Das in Mainz ansässige Indietronic-Trio Dynarchy hat ein neues Musikvideo zu ihrer Single “Pushing the Daisies” veröffentlicht. Die Single, die bereits auf dem 2018 erschienenen Album “Kingdom” zu hören ist, klingt wie ein von der Sängerin sanft ins Ohr geflüstertes Geheimnis, das von einem gleichmäßigem, akzentsetztendem Gitarrensound angetrieben wird. “Pushing the Daisies” erscheint nun als ein detailverliebtes Musikvideo im Stile eines Daumenkinos, in dem die Stimme der Sängerin Nadjana Gaffron wunderbar mit den sehr persönlichen Zeichnungen des Gitarristen harmonieren.

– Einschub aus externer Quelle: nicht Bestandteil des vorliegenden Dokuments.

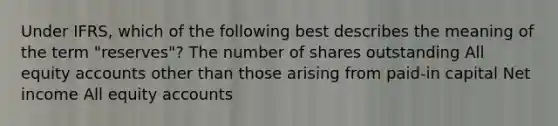 Under IFRS, which of the following best describes the meaning of the term "reserves"? The number of shares outstanding All equity accounts other than those arising from paid-in capital Net income All equity accounts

“Ich hätte nicht gedacht, dass das Musikvideo einmal fertig wird”, hätte Ruben Hartwig, Schlagzeuger der Band Dynarchy, kurz vor der Veröffentlichung des Musikvideos zu “Pushing the Daisies” am 12.3.2021 zu Daniel Gaffron, dem Macher des 3:34 Minuten Clips gesagt. Während einer Zoom-Konferenz erzählt uns Daniel dann auch, dass er selbst die Arbeit an den Zeichnungen, die vor drei Jahren begannen, aufgeben wollte. Dann brach jedoch die Coronapandemie aus und auf einmal hatte der Gitarrist viel Zeit. “Ich traue mich oft an Dinge ran, die ich garnicht kann. Ich scheitere oft, aber trotz allem habe ich die Kraft des Neuanfangs,” sagt Daniel über sich selbst. Diese Kraft sei es dann auch gewesen, die ihn dazu bewog, ohne Vorwissen Zeichnungen über Adobe Illustrator anzufertigen. Er habe oft “Lust auf etwas Neues und mache es dann einfach”, erklärt der Zeichner sein Vorgehen.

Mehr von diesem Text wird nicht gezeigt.